--- Data listing ---
*****
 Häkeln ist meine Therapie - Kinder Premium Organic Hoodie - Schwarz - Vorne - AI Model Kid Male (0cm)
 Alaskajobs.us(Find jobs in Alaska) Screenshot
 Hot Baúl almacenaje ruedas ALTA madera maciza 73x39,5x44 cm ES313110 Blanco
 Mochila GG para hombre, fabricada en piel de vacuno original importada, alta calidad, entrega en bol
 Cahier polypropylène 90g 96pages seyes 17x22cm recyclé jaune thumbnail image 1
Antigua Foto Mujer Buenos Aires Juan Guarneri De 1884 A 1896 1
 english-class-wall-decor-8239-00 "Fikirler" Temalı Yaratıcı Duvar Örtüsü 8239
*****
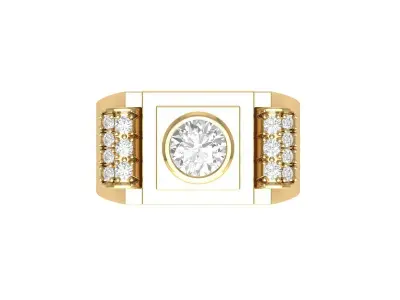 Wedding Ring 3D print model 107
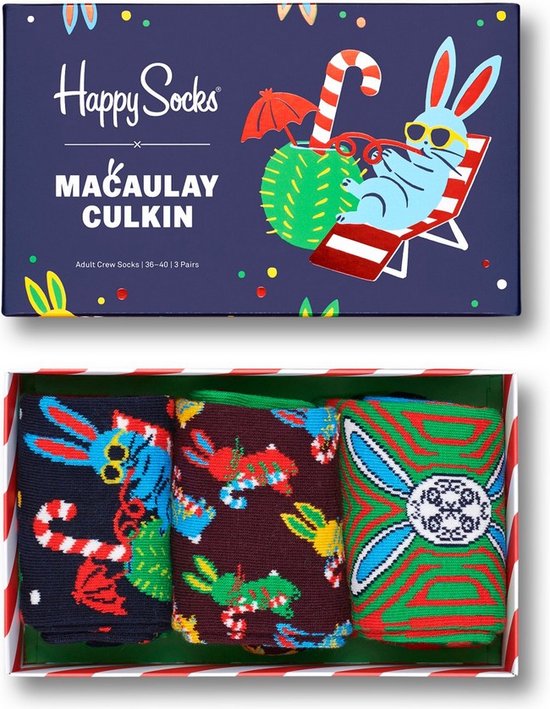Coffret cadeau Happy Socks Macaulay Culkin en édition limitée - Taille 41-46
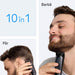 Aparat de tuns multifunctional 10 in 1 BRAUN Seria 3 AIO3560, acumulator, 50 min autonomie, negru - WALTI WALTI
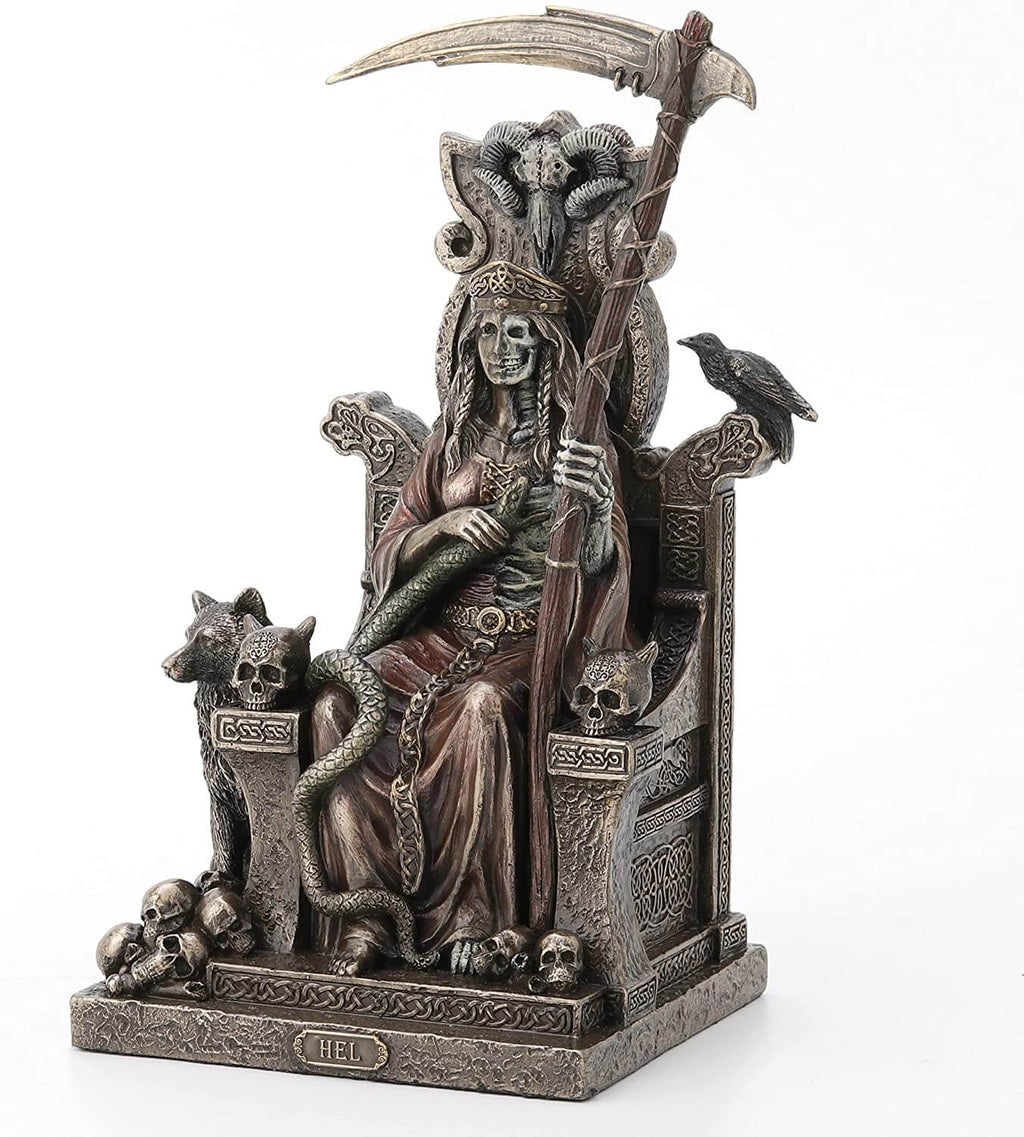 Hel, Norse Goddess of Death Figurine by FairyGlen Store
*****
--- Task directions ---
Copy exactly the lines of the entries above from the one containing "Coffret cadeau Happy" through the one containing "Hel, Norse Goddess". Both end lines count; pictures do not.

--- Your solution ---
Coffret cadeau Happy Socks Macaulay Culkin en édition limitée - Taille 41-46
 Aparat de tuns multifunctional 10 in 1 BRAUN Seria 3 AIO3560, acumulator, 50 min autonomie, negru - WALTI WALTI
 Hel, Norse Goddess of Death Figurine by FairyGlen Store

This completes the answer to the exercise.